GE Appliance has a 70-year history of manufacturing the workhorse machines of the American household in Louisville. But the company might as well be opening its vast manufacturing complex today, for all the new workers it has hired over the last several years as new Chinese ownership has expanded sales and share of GE dishwashers, refrigerators and laundry equipment in the U.S. market.
The company has created 4,000 jobs in the last seven years as owner Haier has invested $2 billion in manufacturing, Bill Good, vice president of the supply chain, told the Chief Executive Smart Manufacturing Summit in Louisville recently. GE Appliance management has had to create fresh approaches to meet those rising labor needs at a time of essentially full employment in Kentucky and across the country.
“How do you change the paradigms that have prevented you from making progress in those spaces in the past?” Good said GE executives asked themselves. “As a century-old company, we had a lot of paradigms. [But] we had to make the work fit the person, not the person fit the work.”
Overall, Good said, GE Appliance works on “the employee value proposition. [Workers] all think, ‘What do I get paid, what are they asking me to do, what environment am I in, what’s the culture like, how much freedom do I have in my job?’ So if you’re not working every piece of this equation, you don’t have a chance.
“Employees don’t just chase the money. It’s not enough — not for this generation. They want to do something different. As manufacturers, we can make the new American dream a reality.
That new strategic approach strategic has included creation of a program called My Work Choice which allows employees to sign up for at least eight hours of available shifts each week and ties them to a particular department so they’re not having to learn too many jobs. More than 1,500 people now work in the program, and their retention and absenteeism performance is better than for full-timers.

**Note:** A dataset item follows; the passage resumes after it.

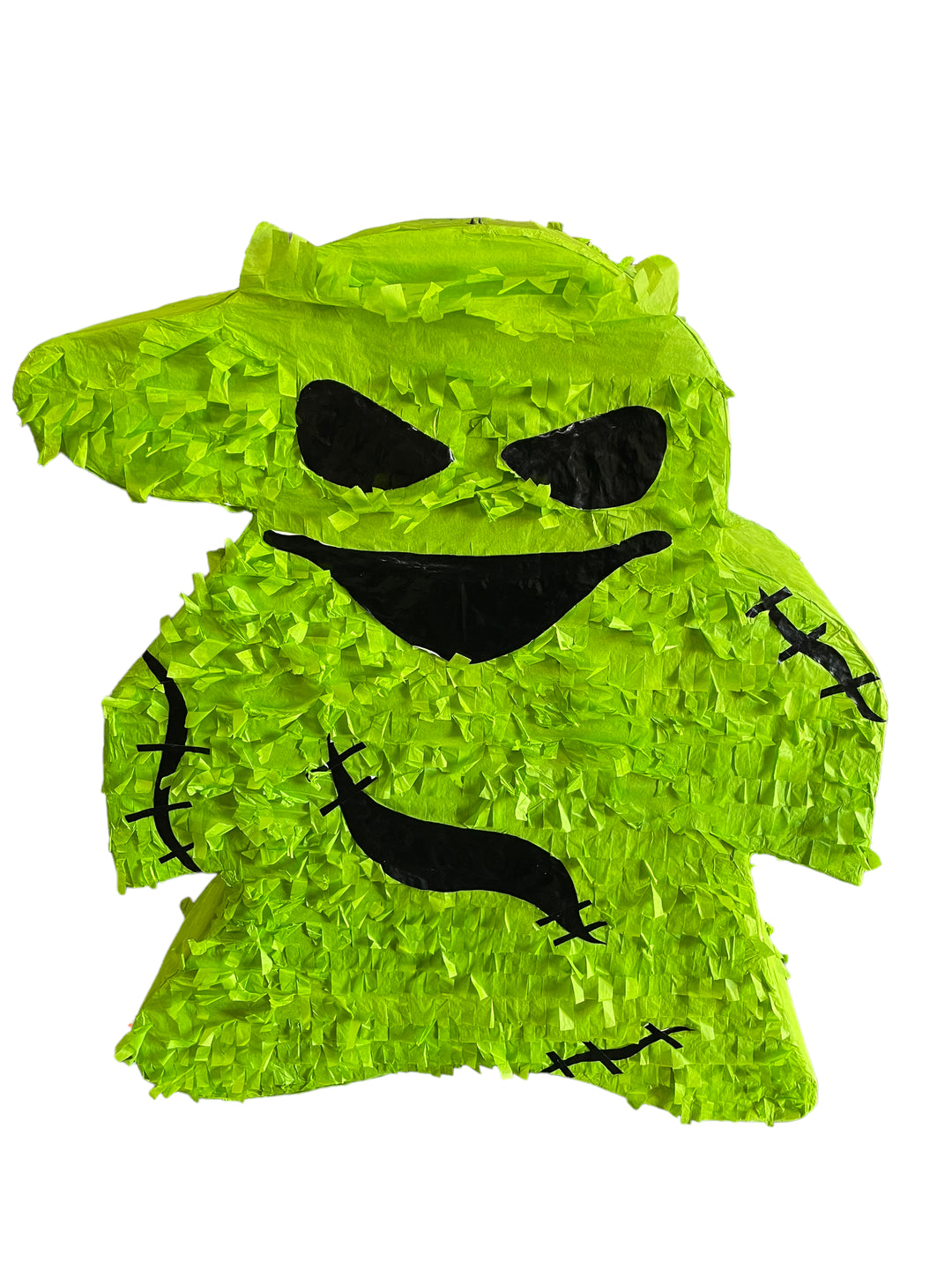 Oogie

“The reality is that most assembly lines have 18 to 20 seconds of takt time; we’re not building rockets,” Good said. GE streamlined benefits packages to fit part-timers and began offering college-tuition reimbursement, “and we were quickly overwhelmed by stay-at-home parents who just wanted a couple days of work” each week.
GE Appliance also has opened the company’s traditional recruitment funnel to “under-indexed” groups including part-timers, women, single parents, students, retirees and political refugees. Retirees, for instance, “have tremendous experience and want to retire but have something to do a couple of days a week,” Good said.
GE also has worked with Catholic charities in Louisville to tap into a large local population of Afghani political refugees, integrating them into the workforce with language-translation programs and focusing, Good said, on “standardized work they can follow.”
To combat absenteeism, in Louisville GE Appliance tried a new approach. “Unreliable transportation is the No. 1 reason for absenteeism,” Good said. “So we partnered with Lyft and gave people a $100 transportation credit that people can use in $5 increments to go back and forth to work through Lyft. That can be the difference in their being able to keep a job. Now we have more than 2,000 people signed up for the Lyft program, and on any given day more than 200 riders.”
The company also has been working with local schools to beef up its pipeline of skilled tradespeople, especially females. “If you have [one] women in your skilled-trades group” in a plant, “you’re lucky,” Good said. “We as parents have told all our kids to go to college. So this is a gap in manufacturing. Very few people are getting their two-year skilled-trades journeyman card. We have to break that paradigm.”
But that’s not all. Good said that GE Appliance also is focusing on product design to gain efficiencies in the manufacturing process. “When there are flaws and fluctuation in specs, it creates turbulence in the factory and you’re constantly chasing getting costs out of the back end of the process,” he told the Chief Executive summit. “So we want to have the best product architecture in the industry. That means [addressing] how many physical parts are there, what is the material proficiency, what is the robustness of design-to-quality. We’ve worked heavily on that the last 10 years.”
Digitization has helped as well, including the creation of a “digital thread” throughout the design, supply and manufacturing process. “Ideally, we want to have complete visibility and a digital thread from when the supplier makes a component to all the way when our appliance is installed in your home. GE has always been known for Bit Data, but it’s not all been usable to solve problems on the manufacturing floor. So now we’r eable to harness that data in a more usable format.
“And we’ve gone from a follower in digitization to a leader.”